Puis un acte de bénévolat pour programmer, tester, puis installer et lancer la première instance de Duniter.

En résumé, impossible de démarrer la June sans UNL.

Elle existe désormais par :

  • Mécénat en UNL (location des serveurs, facture électricité, location de noms de domaines, etc)
  • Mécénat en UNL remboursé en Junes (s’il y a un coût caché en UNL qui est offert, derrière un paiement en Junes)
  • Bénévolat pour des services ou la production de biens nécessaires, ce qui inclus les logiciels (un logiciel est un bien).

MAIS !

Le bénévolat peut être considéré comme du mécénat UNL car si je ne demande rien pour mon serveur Duniter, ni UNL, ni Junes, (bénévolat) , je dois néanmoins financer les dépenses UNL de ce même serveur, ce que je fais (c’est donc du mécénat en UNL).
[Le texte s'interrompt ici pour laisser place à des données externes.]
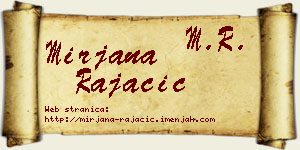 Mirjana Rajačić vizit kartica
La frontière est donc floue entre le bénévolat et le mécénat, car il y a souvent un coût caché en UNL qui transforme de facto l’action bénévole en mécénat.
En tirant la corde à fond, on peut même arriver à démontrer que le bénévolat n’existe pas, s’il y a un coût caché, il n’y a que du mécénat. Mais je laisse ça à d’autres. Un relativiste n’affirme rien sans son avocat… :wink:

Donc les financements participatifs ne sont que la poursuite du mécénat UNL existant, mais en ajoutant des intermédiaires (personnes payées par les mécènes) entre le service ou le bien fourni, et le ou les mécènes.

Comme dans tous les domaines du mécénat, charge aux mécènes de vérifier que leur financement aille bien au bout de l’objectif voulu et demandé aux intermédiaires et ne soit pas intercepté par un intermédiaire, sans que le travail promis soit fourni.